Barclays reported a fall in profits as it set aside more funds to cover potential fines for currency market manipulation and PPI compensation.
The bank increased its provision to cover potential fines relating to an investigation into currency market manipulation from an expected £750 million to £1.25 billion. It also set aside another £200 million for PPI compensation relating to the final three months of 2014, bringing the year’s total up to £1.1 billion.
Thanks to these provisions and other charges, the bank’s statutory pre-tax profits fell 21 per cent to £2.2 billion in 2014, the BBC reported. Were these to be discounted, the adjusted profits would have risen by 12 per cent to £5.5 billion.

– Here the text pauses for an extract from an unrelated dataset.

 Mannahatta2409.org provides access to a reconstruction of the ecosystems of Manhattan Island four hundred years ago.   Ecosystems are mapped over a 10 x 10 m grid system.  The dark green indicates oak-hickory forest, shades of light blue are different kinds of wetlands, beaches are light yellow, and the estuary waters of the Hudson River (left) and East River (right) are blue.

Boss Anthony Jenkins was awarded a £1.1 million bonus, pushing his pay package to £5.5 million for 2014. Jenkins defended his bonus, saying that the bank had made a “huge amount of progress” in 2014, cutting operating costs by 22 per cent to £1.86 billion.
While Jenkins says that the bank its healthiest position yet since the financial crisis, the added currency market manipulation provision suggests that the American Department of Justice may be preparing to fine the bank.
UK and US regulators fined HSBC, Royal Bank of Scotland, Swiss bank UBS, and US banks JP Morgan Chase, Citibank and Bank of America a total of £2.6 billion for trying to manipulate foreign exchange rates.
Barclays is still subject to a separate probe.